Michael Caine als Münzen-Porträt Weiter Streit um Parthenon-Fries Musikpreis für Dokumentarfilme

von Redaktion

Zum 90. Geburtstag von Michael Caine hat ein Künstler den Oscar-Gewinner mit einem Porträt aus tausenden Ein-Cent-Münzen gewürdigt (Foto: Ed Chapman/dpa). Das am Dienstag veröffentlichte Werk von Ed Chapman zeigt den britischen Schauspieler in seiner berühmten Rolle als Geheimagent Harry Palmer, den er in den Sechzigerjahren in drei Filmen gespielt hatte. Kultwerke wie „Charlie staubt Millionen ab“ – besser bekannt unter dem Originaltitel „The Italian Job“ – und „Jack rechnet ab“ oder das Kriegsepos „Zulu“ machten Caine, der am Dienstag 90 Jahre alt wurde, zum Weltstar. Chapman, der in Manchester lebt, hat bereits in der Vergangenheit Bilder von berühmten Personen wie John Lennon oder Tiger Woods aus Fragmenten von Keramikfliesen, Mobiltelefonen und Zuckerwürfeln geschaffen.

Im Streit zwischen Großbritannien und Griechenland um eine mögliche Rückgabe der Friesteile des Parthenon-Tempels ist keine Lösung in Sicht. Es gebe keine Pläne, ein Gesetz zu ändern, das eine Herausgabe von Artefakten aus dem British Museum verhindert, sagte der britische Premierminister Rishi Sunak. Das Gesetz „British Museum Act“ von 1963 verbietet es der Einrichtung, Objekte aus ihrer Sammlung zu verschenken, außer unter sehr begrenzten Umständen. „Unsere Galerien und Museen werden vom Steuerzahler finanziert, weil sie eine enorme Bereicherung für dieses Land darstellen“, meinte Sunak. „Wir teilen ihre Schätze mit der Welt, und die Welt kommt nach Großbritannien, um sie zu sehen.“ Athen fordert seit Jahrzehnten die Rückgabe sämtlicher Friesteile aus dem British Museum. Der britische Botschafter Lord Elgin hatte Anfang des 19. Jahrhunderts die am besten erhaltenen Teile des Parthenon abbauen und nach England bringen lassen. Er verkaufte sie 1816 an das Londoner Museum.

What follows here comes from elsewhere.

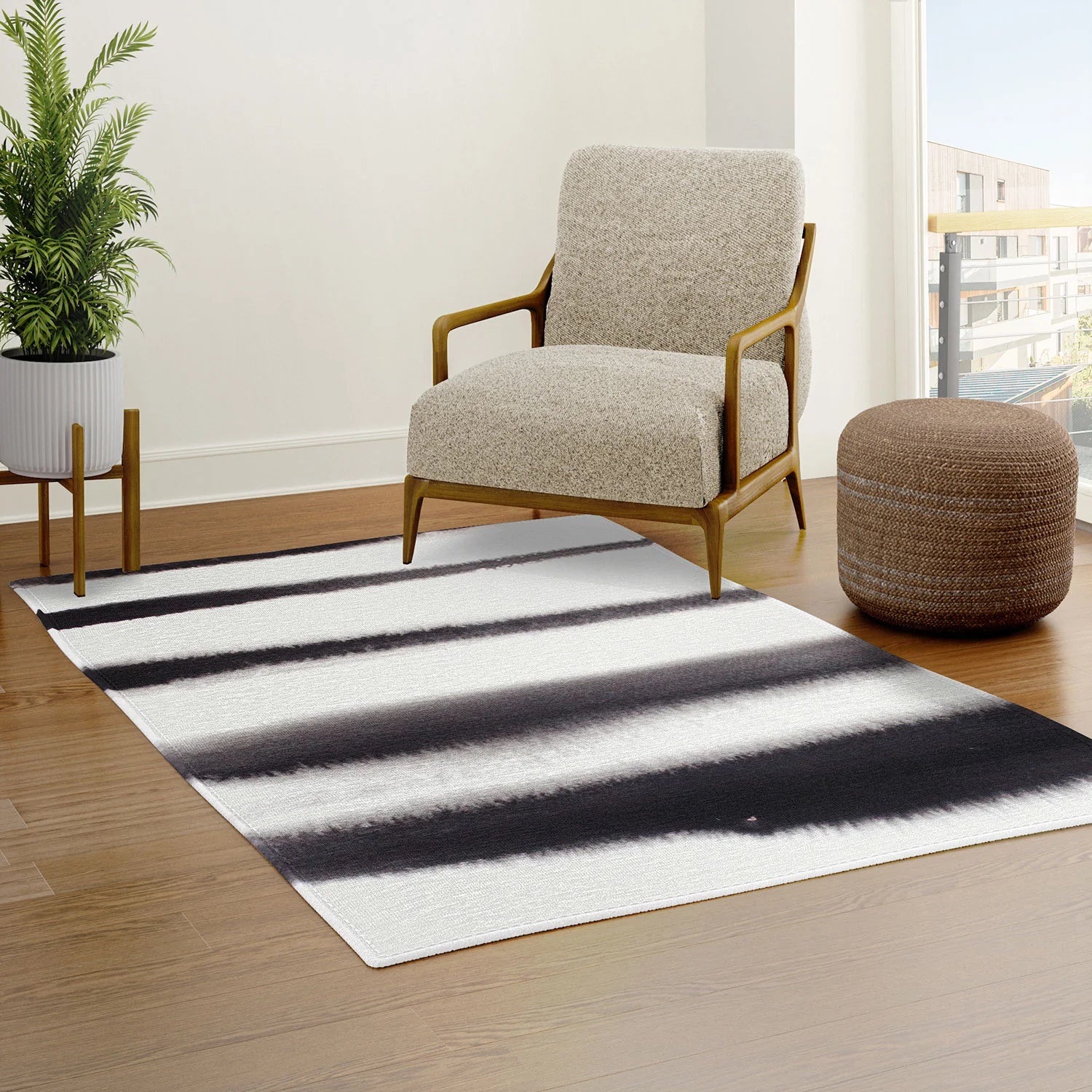 "invisible zebra" area rug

David Langhard erhält 2023 den Deutschen Dokumentarfilm-Musikpreis für seine Musik zu „This Kind of Hope“. Die Auszeichnung wird von der Versicherungskammer Kulturstiftung gestiftet und ist mit 5000 Euro dotiert. Das DOK.fest München und die Stiftung würdigen damit die künstlerische Bedeutung von Musik in Dokumentarfilmen. Der deutsch-schweizerische Gewinnerfilm wird beim Münchner DOK.fest (ab 3. Mai) zu sehen sein. „This Kind of Hope“ von Regisseur Pawel Siczek porträtiert den belarussischen Ex-Diplomaten und Aktivisten Andrei Sannikov. Die Preisverleihung ist am 7. Mai in der Münchner Hochschule für Fernsehen und Film.